As a pragmatist, Davidson also discussed the importance of "assessment" in understanding the "ecology of knowledge systems," which might be "associative," "iterative," and "process-oriented," in ways not imagined by the No Child Left Behind legislation mandating standardized testing but misses the fact that what is "in the outcome itself" can't be so easily captured.

Goldberg also explored the "notion of contribution" in telling about how he had asked graduate students to produce collaborative products in a seminar and engage in syllabus building collectively, much as they would be expected to participate in "teamwork throughout life." For him the "radically individualized" idea of standardization is proved false by lived experiences in "collaboration and laboring together," even if the "common end" may not always be clearly defined from the beginning.

At one point Davidson even suggested that Mozilla might be putting forward the "philosophy of our time."

Then Goldberg explained how "institutions" could serve "as mobilizing networks," so that "institutional walls" were understood as "reforming" even as they are "crumbling." and the classroom becomes about "engagements between the virtual and the material" world.
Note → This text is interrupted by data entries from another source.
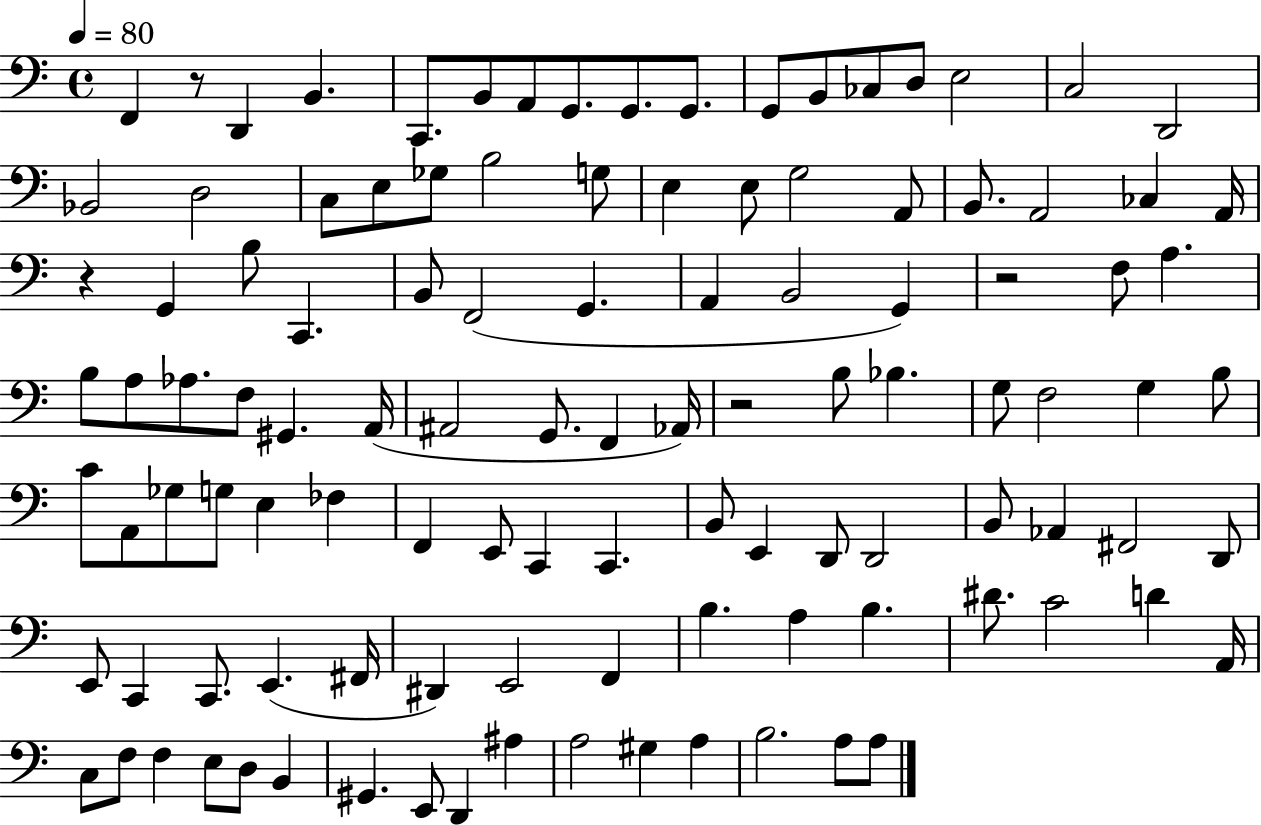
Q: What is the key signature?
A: C major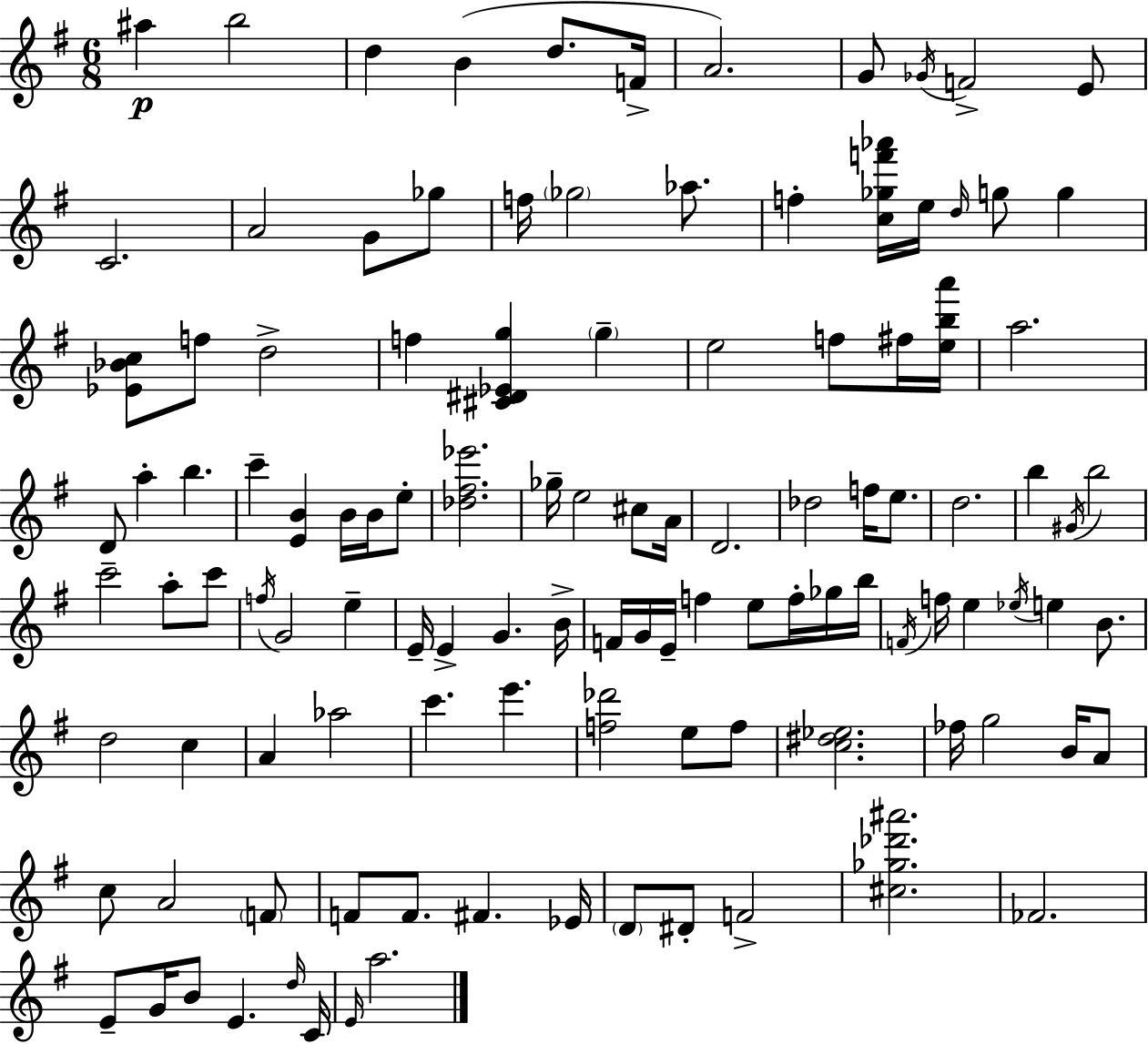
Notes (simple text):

A#5/q B5/h D5/q B4/q D5/e. F4/s A4/h. G4/e Gb4/s F4/h E4/e C4/h. A4/h G4/e Gb5/e F5/s Gb5/h Ab5/e. F5/q [C5,Gb5,F6,Ab6]/s E5/s D5/s G5/e G5/q [Eb4,Bb4,C5]/e F5/e D5/h F5/q [C#4,D#4,Eb4,G5]/q G5/q E5/h F5/e F#5/s [E5,B5,A6]/s A5/h. D4/e A5/q B5/q. C6/q [E4,B4]/q B4/s B4/s E5/e [Db5,F#5,Eb6]/h. Gb5/s E5/h C#5/e A4/s D4/h. Db5/h F5/s E5/e. D5/h. B5/q G#4/s B5/h C6/h A5/e C6/e F5/s G4/h E5/q E4/s E4/q G4/q. B4/s F4/s G4/s E4/s F5/q E5/e F5/s Gb5/s B5/s F4/s F5/s E5/q Eb5/s E5/q B4/e. D5/h C5/q A4/q Ab5/h C6/q. E6/q. [F5,Db6]/h E5/e F5/e [C5,D#5,Eb5]/h. FES5/s G5/h B4/s A4/e C5/e A4/h F4/e F4/e F4/e. F#4/q. Eb4/s D4/e D#4/e F4/h [C#5,Gb5,Db6,A#6]/h. FES4/h. E4/e G4/s B4/e E4/q. D5/s C4/s E4/s A5/h.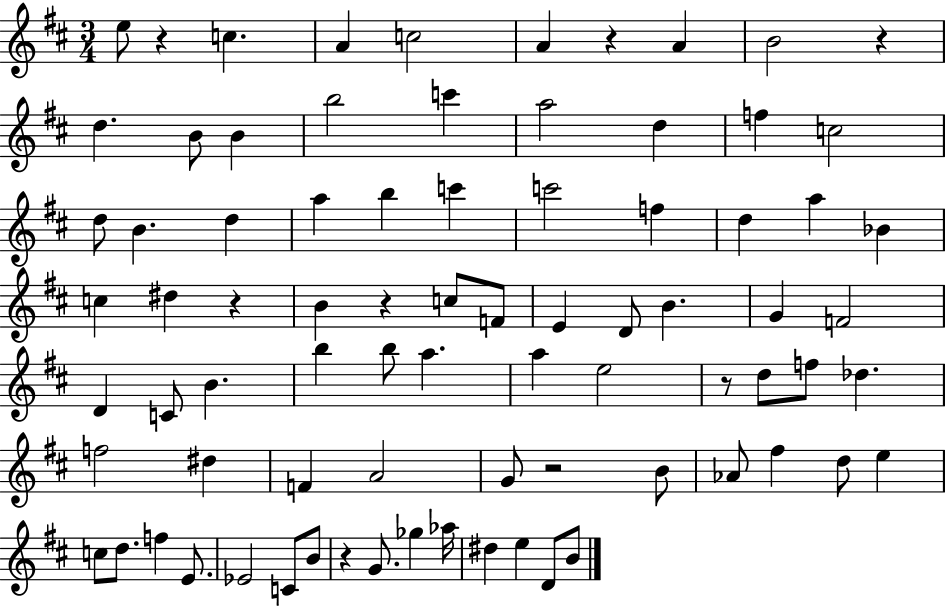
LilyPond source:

{
  \clef treble
  \numericTimeSignature
  \time 3/4
  \key d \major
  e''8 r4 c''4. | a'4 c''2 | a'4 r4 a'4 | b'2 r4 | \break d''4. b'8 b'4 | b''2 c'''4 | a''2 d''4 | f''4 c''2 | \break d''8 b'4. d''4 | a''4 b''4 c'''4 | c'''2 f''4 | d''4 a''4 bes'4 | \break c''4 dis''4 r4 | b'4 r4 c''8 f'8 | e'4 d'8 b'4. | g'4 f'2 | \break d'4 c'8 b'4. | b''4 b''8 a''4. | a''4 e''2 | r8 d''8 f''8 des''4. | \break f''2 dis''4 | f'4 a'2 | g'8 r2 b'8 | aes'8 fis''4 d''8 e''4 | \break c''8 d''8. f''4 e'8. | ees'2 c'8 b'8 | r4 g'8. ges''4 aes''16 | dis''4 e''4 d'8 b'8 | \break \bar "|."
}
Goldberg did acknowledge, however, that there could be conflict about this mixing of frames of reference, as was the case in the controversy about the presence of laptops in the classroom, which had even become an issue at the DML. In defense of laptops, Davidson described how "somebody needs to Google jockey this" in certain live classroom interchanges to highlight how "diverse the answers are" when the "affordances in the classroom" are fully explored. Goldberg argued for awareness of the "temporality and closing off" involved in such pedagogical moments, and cited how Eszter Hargittai controls students' laptops from podium. (In my own use of smart classrooms, I like having all students' laptop screens projected, although I have no direct control over their displays.)